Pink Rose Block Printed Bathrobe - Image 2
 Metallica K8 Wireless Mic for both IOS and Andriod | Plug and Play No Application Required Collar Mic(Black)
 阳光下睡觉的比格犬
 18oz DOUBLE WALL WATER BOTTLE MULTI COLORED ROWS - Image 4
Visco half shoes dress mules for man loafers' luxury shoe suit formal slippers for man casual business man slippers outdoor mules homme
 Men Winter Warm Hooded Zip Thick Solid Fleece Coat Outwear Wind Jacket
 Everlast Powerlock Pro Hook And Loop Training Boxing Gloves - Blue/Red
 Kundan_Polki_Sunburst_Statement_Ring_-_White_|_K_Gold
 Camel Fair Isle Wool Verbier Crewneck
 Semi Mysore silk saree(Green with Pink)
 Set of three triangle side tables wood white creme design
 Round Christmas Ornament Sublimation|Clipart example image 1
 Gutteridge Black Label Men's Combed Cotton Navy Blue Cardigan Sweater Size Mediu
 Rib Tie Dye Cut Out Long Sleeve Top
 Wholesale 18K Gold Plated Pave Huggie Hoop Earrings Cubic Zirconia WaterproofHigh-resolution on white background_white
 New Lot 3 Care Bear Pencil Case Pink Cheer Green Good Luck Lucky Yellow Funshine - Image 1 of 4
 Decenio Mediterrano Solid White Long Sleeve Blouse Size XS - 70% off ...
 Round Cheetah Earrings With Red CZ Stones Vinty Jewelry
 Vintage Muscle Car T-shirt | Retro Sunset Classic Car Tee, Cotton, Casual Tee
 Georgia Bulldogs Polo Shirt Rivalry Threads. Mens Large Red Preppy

▶ **WHAT YOU HAVE TO DO**: Now copy each line of the entries that mentions "Cotton".

▶ **YOUR RESPONSE**:
 Gutteridge Black Label Men's Combed Cotton Navy Blue Cardigan Sweater Size Mediu
 Vintage Muscle Car T-shirt | Retro Sunset Classic Car Tee, Cotton, Casual Tee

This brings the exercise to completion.